Site information
- Owner: Ministry of Defence
- Operator: Ukrainian Air Force

Location
- Voznesensk Shown within Mykolaiv Oblast Voznesensk Voznesensk (Ukraine)
- Coordinates: 47°30′35″N 031°15′28″E﻿ / ﻿47.50972°N 31.25778°E

Site history
- In use: Unknown - present

Airfield information
- Identifiers: ICAO: UKOW
- Elevation: 266 metres (873 ft) AMSL
Runways
| Direction | Length and surface |
| 13/31 | 2,470 metres (8,104 ft) Concrete |

= Voznesensk (air base) =

Air base in Mykolaiv Oblast, Ukraine

Voznesensk (Вознесенськ) is a reserve air base of the Ukrainian Air Force located near Voznesensk, Mykolaiv Oblast, Ukraine.

==History==
The 115th Guards Assault Aviation Division, the former 5th Guards, renamed by order of 10 January 1949, arrived at Voznesensk in May 1947 and was disbanded in August 1956.
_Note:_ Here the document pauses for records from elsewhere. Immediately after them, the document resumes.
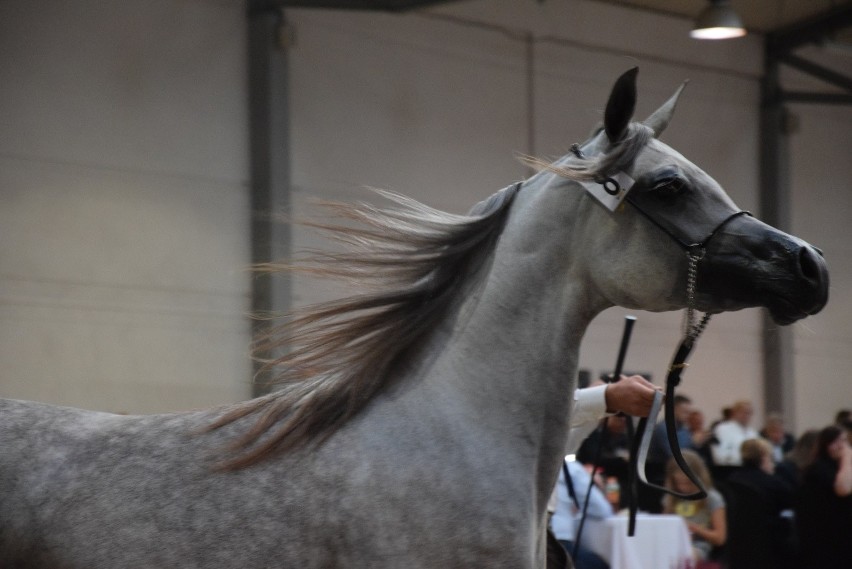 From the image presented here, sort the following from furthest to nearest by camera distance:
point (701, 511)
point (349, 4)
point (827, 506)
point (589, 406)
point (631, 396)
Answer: point (349, 4) < point (701, 511) < point (827, 506) < point (589, 406) < point (631, 396)

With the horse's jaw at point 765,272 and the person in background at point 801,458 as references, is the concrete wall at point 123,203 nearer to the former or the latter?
the person in background at point 801,458

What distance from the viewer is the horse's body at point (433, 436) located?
8.15 feet

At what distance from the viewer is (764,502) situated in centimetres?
731

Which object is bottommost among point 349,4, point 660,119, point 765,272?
point 765,272

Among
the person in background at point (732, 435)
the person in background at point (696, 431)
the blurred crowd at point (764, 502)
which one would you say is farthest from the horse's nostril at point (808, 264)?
the person in background at point (696, 431)

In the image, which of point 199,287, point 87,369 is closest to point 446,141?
point 199,287

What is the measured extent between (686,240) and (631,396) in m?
0.73

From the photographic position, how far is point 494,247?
2.85 m

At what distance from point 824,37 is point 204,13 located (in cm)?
854

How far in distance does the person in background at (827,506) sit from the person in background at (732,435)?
9.23 feet

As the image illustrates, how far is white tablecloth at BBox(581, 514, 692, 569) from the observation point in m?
6.07

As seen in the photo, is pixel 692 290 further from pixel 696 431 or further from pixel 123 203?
pixel 123 203

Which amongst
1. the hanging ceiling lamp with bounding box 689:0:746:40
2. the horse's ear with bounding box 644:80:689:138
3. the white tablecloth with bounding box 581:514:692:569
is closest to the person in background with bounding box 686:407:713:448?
the hanging ceiling lamp with bounding box 689:0:746:40

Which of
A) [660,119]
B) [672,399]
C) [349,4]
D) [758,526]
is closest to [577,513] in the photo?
[758,526] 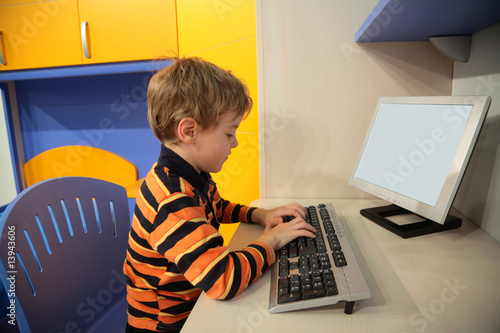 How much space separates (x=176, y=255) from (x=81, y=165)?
181 centimetres

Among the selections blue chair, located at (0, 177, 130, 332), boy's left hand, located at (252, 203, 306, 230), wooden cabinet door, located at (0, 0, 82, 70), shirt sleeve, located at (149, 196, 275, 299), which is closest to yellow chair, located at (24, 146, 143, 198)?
wooden cabinet door, located at (0, 0, 82, 70)

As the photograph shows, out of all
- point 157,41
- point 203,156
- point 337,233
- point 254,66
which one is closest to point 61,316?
point 203,156

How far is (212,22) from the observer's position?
1.40m

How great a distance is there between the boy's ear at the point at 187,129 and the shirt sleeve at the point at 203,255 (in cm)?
19

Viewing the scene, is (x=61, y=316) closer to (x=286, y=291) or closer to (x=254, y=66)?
(x=286, y=291)

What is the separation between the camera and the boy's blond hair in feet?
2.31

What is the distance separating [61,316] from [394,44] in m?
1.14

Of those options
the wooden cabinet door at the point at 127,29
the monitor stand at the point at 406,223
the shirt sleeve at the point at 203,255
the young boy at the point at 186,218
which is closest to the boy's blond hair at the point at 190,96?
the young boy at the point at 186,218

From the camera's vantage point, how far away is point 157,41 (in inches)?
59.9

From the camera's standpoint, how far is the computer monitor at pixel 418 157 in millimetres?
647

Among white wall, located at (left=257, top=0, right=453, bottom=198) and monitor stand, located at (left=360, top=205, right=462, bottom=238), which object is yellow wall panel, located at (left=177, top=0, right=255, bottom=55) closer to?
white wall, located at (left=257, top=0, right=453, bottom=198)

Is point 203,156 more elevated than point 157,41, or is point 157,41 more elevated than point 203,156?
point 157,41

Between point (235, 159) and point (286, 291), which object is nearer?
point (286, 291)

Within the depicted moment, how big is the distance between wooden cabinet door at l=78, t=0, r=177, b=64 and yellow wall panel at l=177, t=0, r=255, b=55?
52 millimetres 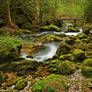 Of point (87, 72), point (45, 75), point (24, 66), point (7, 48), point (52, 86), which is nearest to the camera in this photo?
point (52, 86)

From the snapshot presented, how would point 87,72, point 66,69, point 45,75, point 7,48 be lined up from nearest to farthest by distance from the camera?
point 87,72 < point 66,69 < point 45,75 < point 7,48

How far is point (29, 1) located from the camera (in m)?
21.4

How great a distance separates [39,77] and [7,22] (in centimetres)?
1648

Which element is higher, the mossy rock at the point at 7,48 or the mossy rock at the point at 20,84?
the mossy rock at the point at 7,48

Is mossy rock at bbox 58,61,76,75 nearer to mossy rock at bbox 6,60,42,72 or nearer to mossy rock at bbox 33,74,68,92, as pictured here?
mossy rock at bbox 33,74,68,92

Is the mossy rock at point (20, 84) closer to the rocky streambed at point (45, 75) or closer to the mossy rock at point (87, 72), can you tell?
the rocky streambed at point (45, 75)

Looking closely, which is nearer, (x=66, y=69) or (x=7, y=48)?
(x=66, y=69)

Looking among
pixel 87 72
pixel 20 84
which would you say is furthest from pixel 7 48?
pixel 87 72

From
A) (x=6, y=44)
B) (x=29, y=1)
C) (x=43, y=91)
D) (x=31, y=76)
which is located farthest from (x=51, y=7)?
(x=43, y=91)

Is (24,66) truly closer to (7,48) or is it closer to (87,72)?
(7,48)

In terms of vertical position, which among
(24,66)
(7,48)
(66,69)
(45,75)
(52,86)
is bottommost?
(45,75)

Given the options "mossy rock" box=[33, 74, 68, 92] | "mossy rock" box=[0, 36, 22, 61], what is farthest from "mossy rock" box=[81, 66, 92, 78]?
"mossy rock" box=[0, 36, 22, 61]

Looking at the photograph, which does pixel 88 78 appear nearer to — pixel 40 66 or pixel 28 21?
pixel 40 66

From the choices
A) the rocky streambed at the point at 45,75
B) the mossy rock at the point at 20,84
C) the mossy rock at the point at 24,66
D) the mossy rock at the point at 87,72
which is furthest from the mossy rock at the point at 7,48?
the mossy rock at the point at 87,72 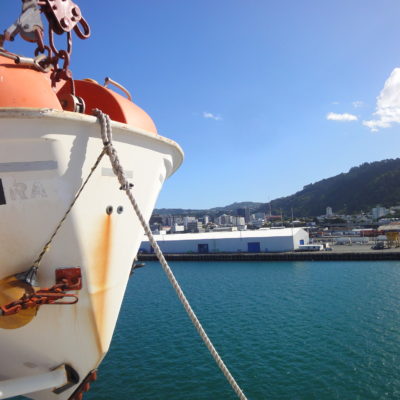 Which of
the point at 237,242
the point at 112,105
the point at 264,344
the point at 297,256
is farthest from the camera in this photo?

In 1959 the 642nd Guards Fighter-Bomber Aviation Regiment arrived at the airfield from Podgorodnaya in Odesa Oblast. In 1988 the regiment became a Fighter Aviation Regiment equipped with the Mikoyan MiG-29 "Fulcrum."

By the time of the Fall of the Soviet Union the regiment was part of the 5th Air Army. In 1992 the personnel of the 642nd Guards Fighter Aviation Regiment took the Oath of Allegiance to the People of Ukraine.